所以後來的迴圈裡,喻禾乾脆不去管祈沐瑤了。

無論內心如何渴望那一星半點的母愛,他都能把那冒出來的渴望摁下去,讓它溺死在已經消散的時間裡。

按照現在的時間來算,其實差不多了。

所以剛剛她看起來有點傷心,是因為剛剛知道這個訊息吧。

喻禾在想,她應該是真正傷心了的,畢竟那是她唯一的親人了。

沒有祈家給她兜底了,她在喻成偉面前胡鬧的底氣已經少了幾分了,就算是因為這個,她也會傷心一段時間吧。

大概。

後面的時間裡,喻禾按著記憶去學校上課,他原本是沒好好學習的,高中的知識是半點沒學進去,但是有幾世他想換條路走,逼自已學了的。

他大概是個天才,一學就會,努力一點的話,成績還行。

這一次,喻禾想了又想,還是決定學一學吧,把沒完全丟掉的知識撿回來其實挺容易的,學過很多遍的東西再學會覺得枯燥,但是這種緊湊的日子並不會讓他覺得不舒服。

倘若把腦子裡那些亂七八糟的想法丟擲去,把凌亂的思緒和肩上的擔子放下,他應該會很輕鬆地活著。

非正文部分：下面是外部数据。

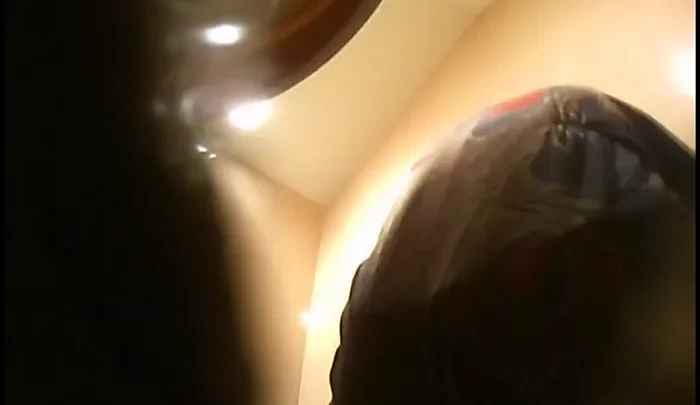 隠し撮りトイレ盗撮 新作 アジア人女性のおしっこ トイレスパイ覗き映像 のスクリーンショット 2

只是沒辦法,無論重來多少次,他都放不下,嘴上說著擺爛而已,實際上他仍舊想救那些人,也想救自已。

就這麼逼著自已學下去,時間過得很快,轉眼就到了十二月。

昭城的冬天不會下雪,但是會很冷。

今天週六,喻禾難得起得早,他剛跨出房門,就聽見了吵鬧的聲音。

是很熟悉的,三天兩頭就會聽見的聲音。

他臉色沒變,只是轉頭進了房間,把房門落了鎖,將兩人吵架的聲音隔絕在了門外。

他走回床邊坐下,拿出手機點了幾下螢幕。

目光落在手機螢幕上,那是微信聊天介面。

喻禾有意淡化自已的朋友圈,他有在刻意疏遠自已那些朋友,無論好壞,他都在疏遠。

理由倒是好找,譬如說他突然良心發現了想好好學習,從良了,不跟他們一起混了。

只是有一個他不知道該怎麼疏遠。

是從小和他一起長大的兄弟,叫顧放。

或許是因為有點同病相憐的意思,顧放小時候是顧家以私生子的名義接回去的,他並不受顧家待見。

他這命和爹不疼娘不愛的喻禾有得一拼,自從小時候認識之後,他倆幾乎天天一起混,長大之後是同一款的叛逆少年。

只是高中之後,顧放被顧家接去了越城,他倆聯絡倒是沒斷,經常來往。

喻禾自從回來之後就沒怎麼回顧放訊息,但是他這個兄弟腦子其實缺根筋,不太聰明,看不出來喻禾故意的,真的以為他從良了想好好學習,還勵志說他自已也得好好學一下。

然後他就沉默了,只在週末聯絡喻禾。

經過那麼多次,喻禾一直都知道顧放是真的把他當朋友,把他當比親兄弟還親的兄弟。

以至於他一想起顧放死去的慘狀,他就無法接受。

即使改變上一次的死亡契機,還會有下一個死亡節點。

這是喻禾死了那麼多次得出來的結論,也是他放棄拯救別人,無數次自殺的理由。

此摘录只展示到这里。